In the Word of God idols are defined as an image or phantom. In ancient times idols were an actual physical replica of a god. In the New Testament idolatry is associated with sexual sin, evil desires, and covetousness. I think idols are anything which consumes your life other than God.
I was talking with a dear friend of mine the other day and I was telling him about my novel. I was concerned because in my novel I use a name very similar to his name and I was thinking that the plot line may hit too close to home for him. I do not intend to hurt anyone through my novel, least of all him. I had mentioned to him that the mother of my main character had lost a child to Sudden Infant Death and she had idolized this child in life and also in death.

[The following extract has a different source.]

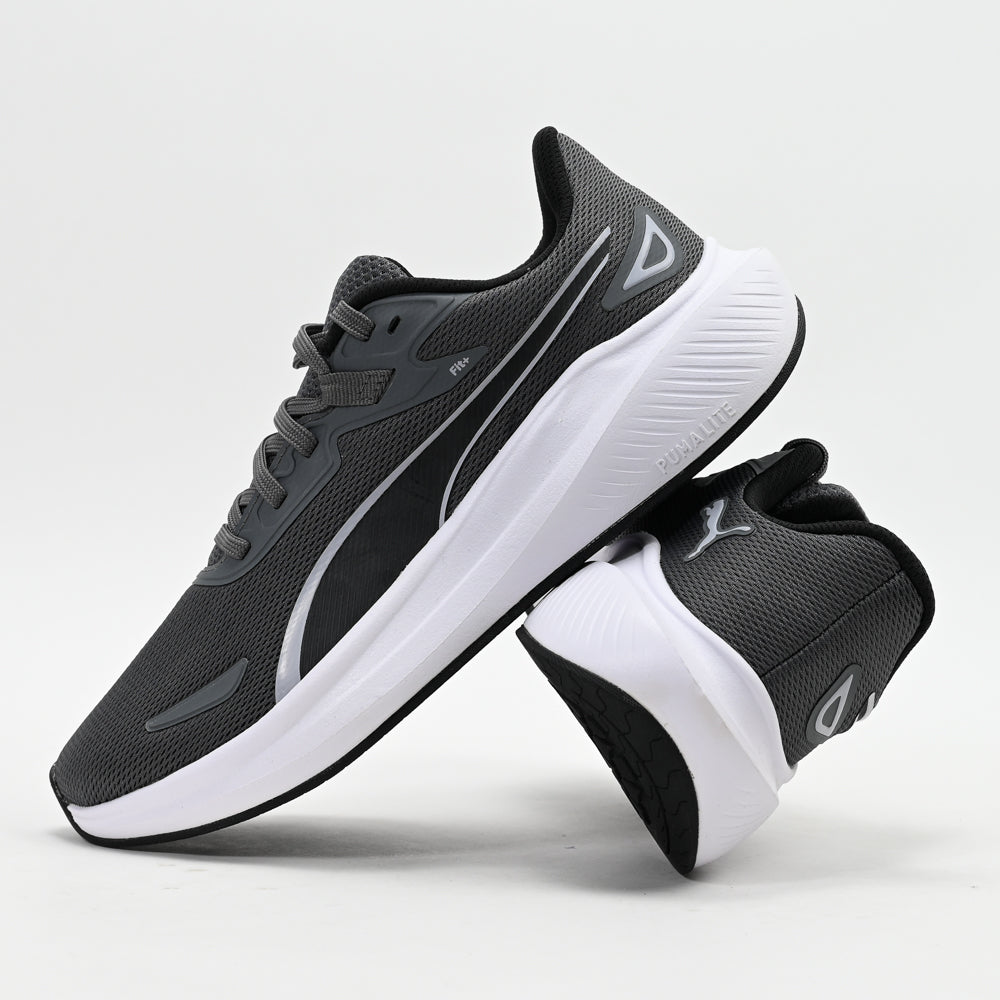 PUMA Skyrocket Lite Running Shoes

This friend of mine had also lost a son to death and I was very concerned that the similarity could possibly bring him more pain. He reassured me that he would be honored to have his name mentioned in my book and he would take no offence.

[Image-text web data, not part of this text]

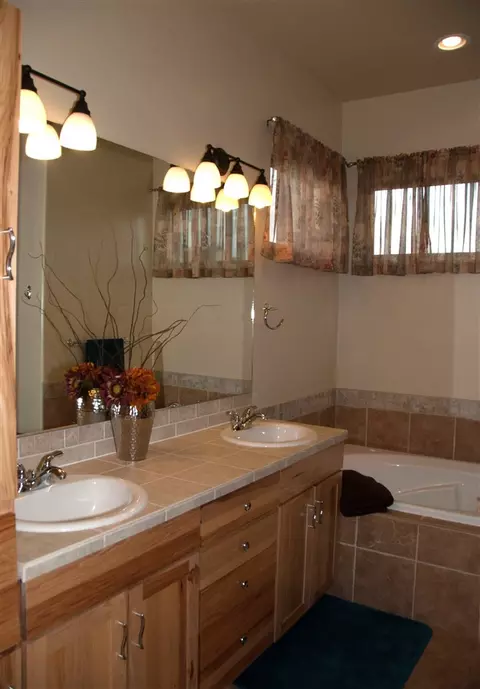836 Slickrock Dr, Mack, CO 81525 photo 8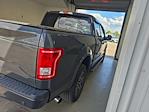 2016 Ford F-150 SuperCrew Cab 4WD Pickup for sale #FTS1382A - photo 4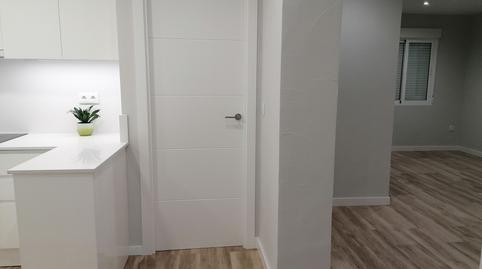 Photo 3 of Flat to rent in Carrer Arquitecto Morell, Ensanche - Diputación, Alicante / Alacant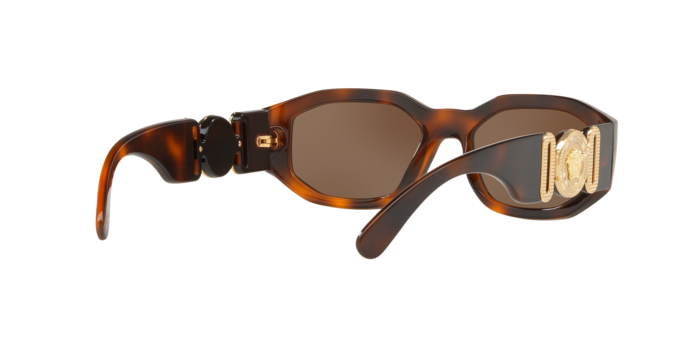 Versace 4361 521773 360 visione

The conversation blossomed from that point on into one of imparting wisdom. This man had been severely depressed when I first met him. I know the demon of depression very well. My mother has been depressed for the majority of her life and depression is an easy default for me to gravitate to. I mentioned to my friend that when he was depressed, his depression had become an idol for him. He had never thought of it like that. I told him, “You woke up with thoughts of depression, you ate with depressive thoughts and you went to bed in tears. That is what an idol does. It completely eclipses the presence of God.”
He is no longer depressed. When I first met him I refused to bow down to his idol. I instead made him laugh. I loved visiting him and enjoyed every moment I spent with him. One day he was talking suicide because of a broken relationship with his daughter. I told him “that he was a good man no matter what his daughter thought.” Somehow God used those words to break the bondage of depression and the Lord set him free.

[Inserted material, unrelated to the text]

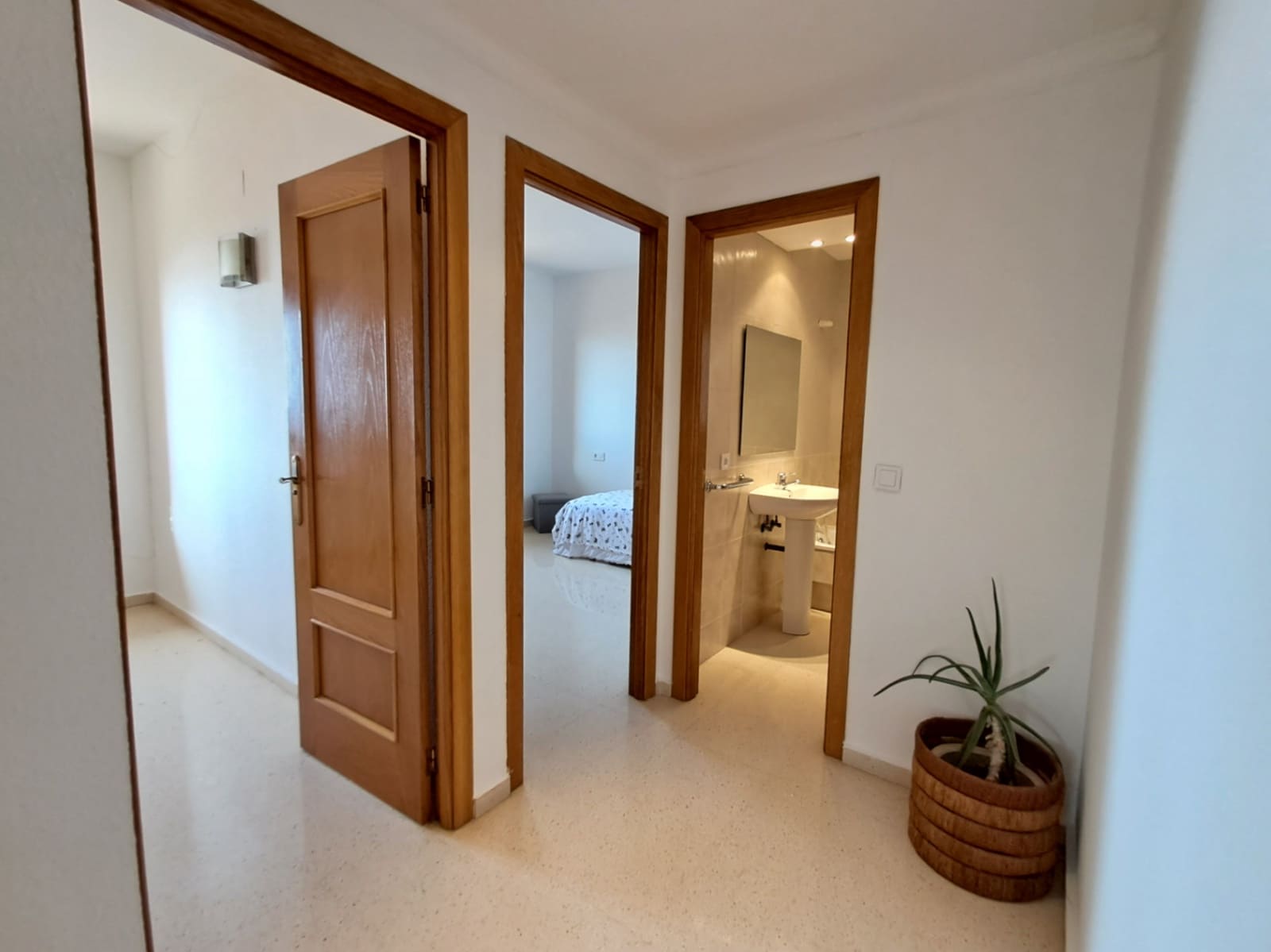 3 Zimmer Apartment zu verkaufen in Benidorm mit Pool Garage - 510.000 € (Ref: 9827730)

He is the most wonderful and joy filled person I know today. The idol has been destroyed and he radiates joy. I had no idea that God could do such a work through me. I have tried for many years to help my Mother break free from her idols and have been unsuccessful. This man was begging for God to release Him and God was gracious enough to do so.
We may be deceived for a short time thinking that idols are fulfilling our needs and making our lives complete. It is important that we examine ourselves closely to see which idols are obscuring our vision of God; for the idols which do so have one goal in mind and that is to destroy us.